I used these APIs because I wanted to minimize any manual intervention on the part of the user running the script, and many APIs require OAUTH.

I really wanted to use the Facebook Graph API and looked at such modules as python-sdk and facebook-sdk. See [To Do](##To Do) section for more details.

How the P Score is Calculated

The P Score is an average of two scores, the Google Places score (the score calculated by metrics provided by the Google Places API) and the Wikipedia Score.

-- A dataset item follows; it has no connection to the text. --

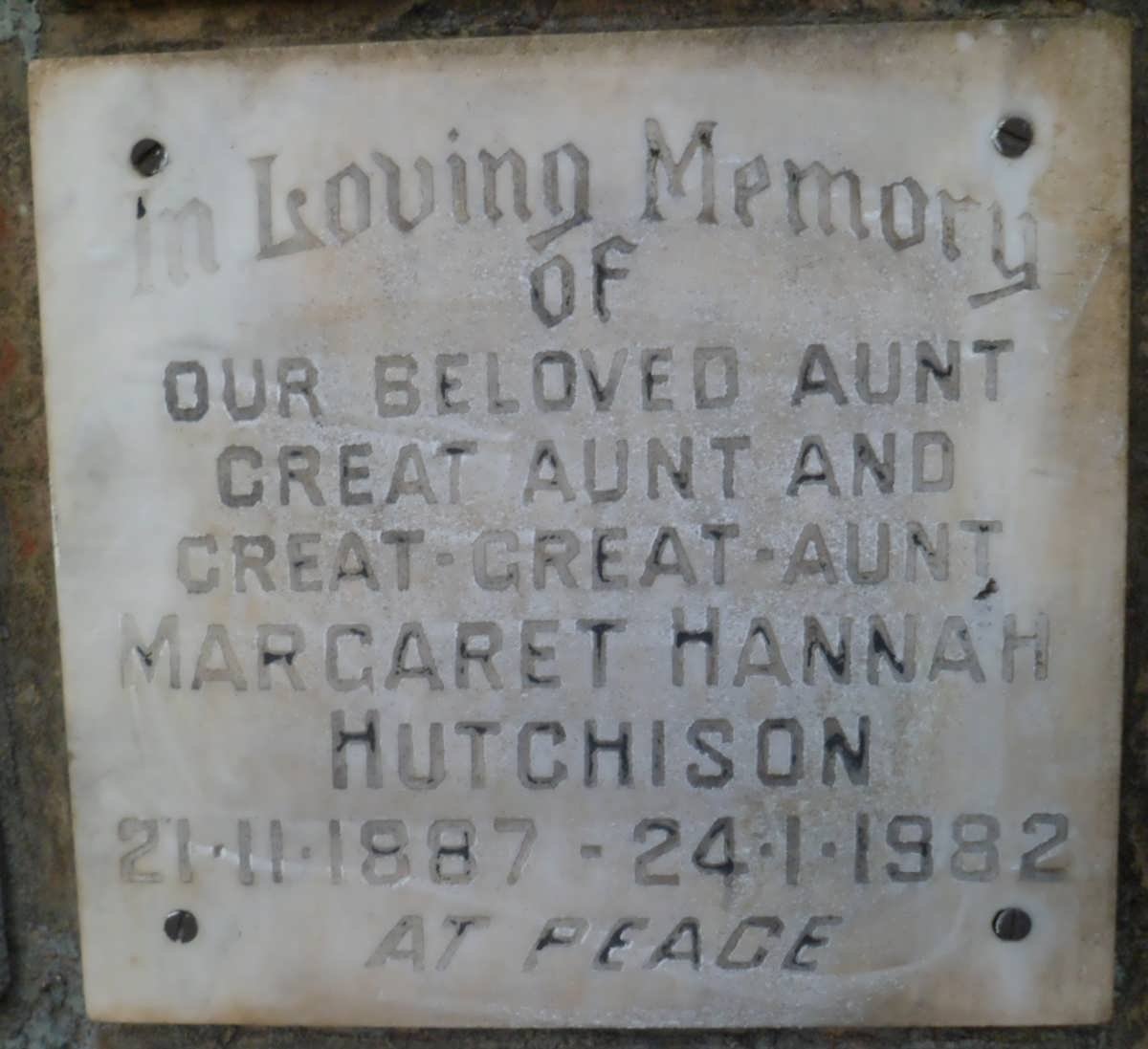 HUTCHISON Margaret Hannah 1887-1982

The Google Places score is between 0 and 1 depending on these factors:

  • rating - the average rating that customers give the business (if not available then 0)
  • business_categories - the number of categories this business falls under (i.e. restaurant, airport, etc -- see https://developers.google.com/places/web-service/supported_types). My assumption here was that if the business has many products and industries, then it is less likely to default given that if one of its products is not successful, it can pivot.

The Wikipedia score is between 0 and 1 depending on these factors:

  • total_hits - the number of Wikipedia page results when you search the business name
  • updated_recently - whether the first page result has been updated within the past year (I used this metric to measure whether the business was still in business)

To run

Get your Google Places API key by clicking "Get a Key" here: https://developers.google.com/places/web-service/

python business_scorer.py "[Google API key] | [Business Name] | [Business Address]"

Examples

# These are valid businesses
> python business_scorer.py "AIzaSyDa2cfifSiwMIDSBRWRENhVej5fbuzfweg | Aveda Spa | 598 Broadway, New York, NY"
P score: 0.5
> python business_scorer.py "AIzaSyDa2cfifSiwMIDSBRWRENhVej5fbuzfweg | Home Depot | 40 W 23rd St, New York, NY 10010"
P score: 0.845
> python business_scorer.py "AIzaSyDa2cfifSiwMIDSBRWRENhVej5fbuzfweg | Home Depot | Louisville"
P score: 0.845

# This is an invalid business
> python business_scorer.py "AIzaSyDa2cfifSiwMIDSBRWRENhVej5fbuzfweg | Miranda's Hardware Store | Louisville"
P score: 0.0

As you can see from the above, business name and address do not need to be spelled perfectly because this code uses search-oriented APIs

To Do

  1. I wanted to use the Facebook Graph API Page endpoint so that, given a business's Facebook page ID (the id in the url of its Facebook page, i.e. cocacola), I could access the business's following information:
  • is_permanently_closed
  • can_checkin && checkins - Number of checkins at the business
  • fan_count
  • founded
  • rating_count
  • app_links (app ids for mobile apps)

Given the downsides of oauth, I decided not to use the Facebook Graph API, but may add this functionality in the future.

  1. The score is very forgiving and bases its score on returned results, so I would want to make it less forgiving/have fewer false positives.

  2. Tests.